BasharAssad_Jan4
Syria's President Bashar al-Assad (C) prays during a religious ceremony on the occasion of Prophet Mohammed's birthday at Al-Afram mosque in Damascus on Jan. 4, 2015, in this handout photograph released by Syria's national news agency SANA. Reuters

Reacting to last week’s attacks in Paris that claimed the lives of 17 people, Syrian President Bashar Assad said that while he sympathized with the victims' families, the attacks were the result of Western politicians being “short-sighted and narrow-minded,” according to a report published Wednesday by SANA, Syria's state-run news agency.

“We are against killing innocent people anywhere in the world … this is our principle,” Assad reportedly told Literární noviny, a Czech monthly magazine. “At the same time, we want to remind many people in the West that we have been talking about these repercussions since the beginning of the crisis in Syria.
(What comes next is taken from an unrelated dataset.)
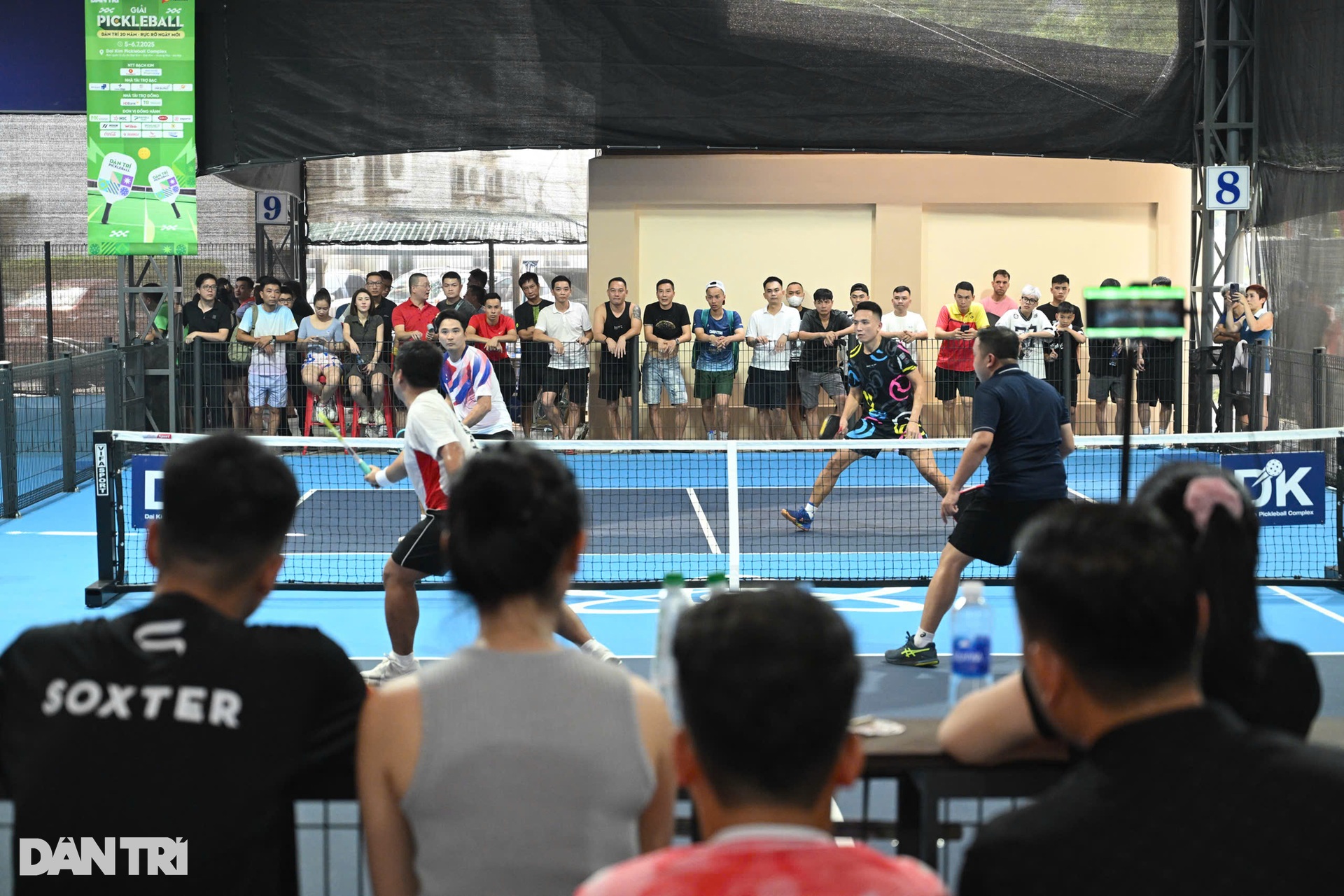 Cảm xúc ăn mừng thăng hoa, đôi công kịch tính trong giải pickleball Dân trí - 1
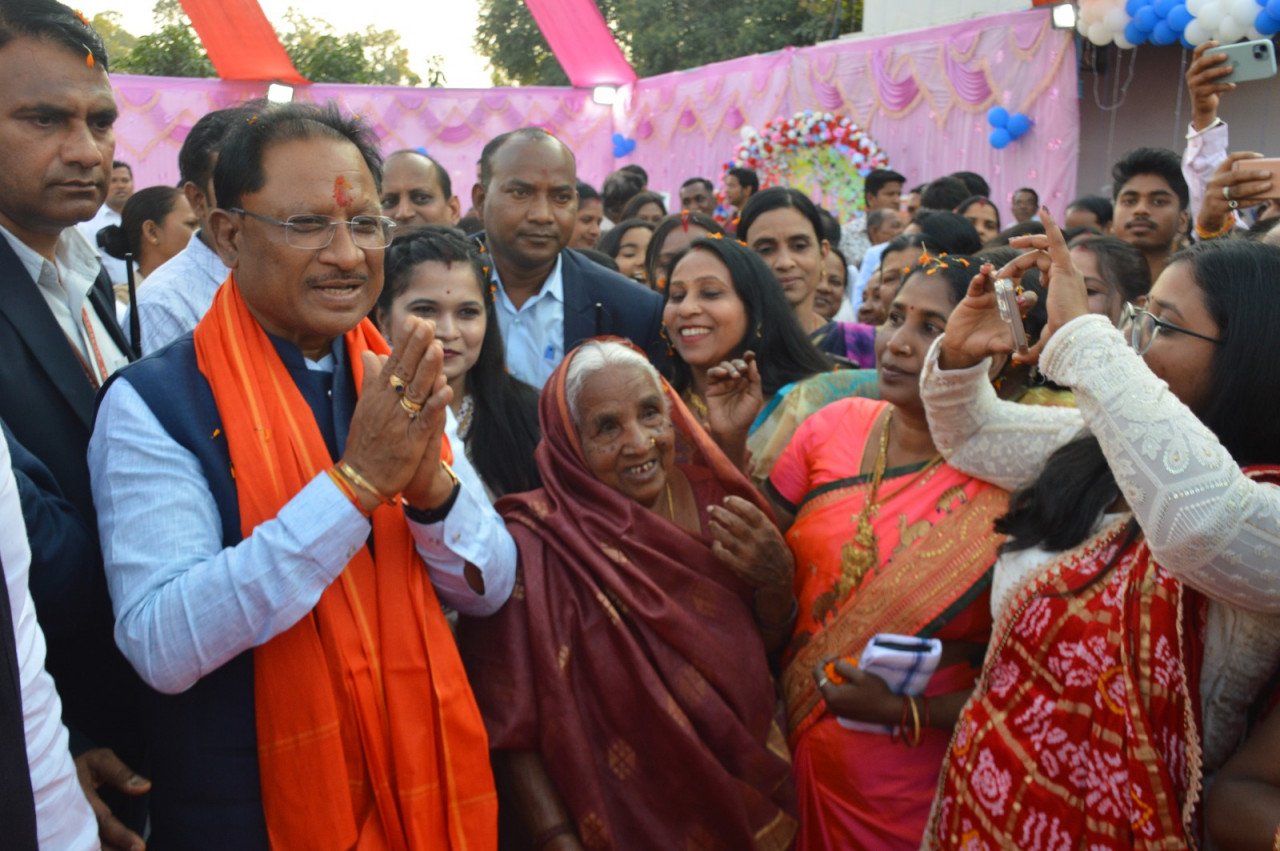 समस्याओं का समाधान और जनता से संवाद होगा आसान : मुख्यमंत्री जनदर्शन कार्यक्रम जनता से जुड़ने का है सशक्त माध्यम, आमजनमानस में बढ़ेगा सरकार के प्रति विश्वास 1 1719411271 cb6625467d51e98ba45f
We have been saying, you shouldn’t support terrorism and provide it with a political umbrella, because this will reflect on your countries and your people. They didn’t listen to us.”

According to the report, Assad also said that last week’s events in France “proved that what we said was true,” and urged countries fighting terrorism to share intelligence.

“Fighting terrorism doesn’t need an army, but needs good policies … there should be an exchange of information among the countries concerned with fighting terrorism,” Assad reportedly said.

Since the start of the civil war in Syria in 2011, Assad has accused Western nations, including the U.S., of fomenting unrest in the country by providing training and arms to Sunni rebels whom the Syrian government has labeled as “terrorist” groups. The U.S. has accused Assad of clinging to power illegally and indulging in human rights violations.

Meanwhile, reacting to the release of the first issue of Charlie Hebdo since the attack on its office last Wednesday, Iran called the newspaper's cover depicting a weeping Prophet Muhammad holding a sign that reads, “Je suis Charlie,” ("I am Charlie"), an insult to Islam, according to media reports.

The cover “provokes the emotions of Muslims and hurts their feelings around the world, and could fan the flame of a vicious circle of extremism,” a spokesperson for the Iranian foreign ministry reportedly said.

Although Iran had, at the time, strongly condemned the attack on the newspaper’s office, terming it a “complete contradiction to Islamic teachings,” the Iranian official, in her latest comments, said that the new cartoon was “an abuse of freedom of speech” and was “not acceptable,” according to media reports.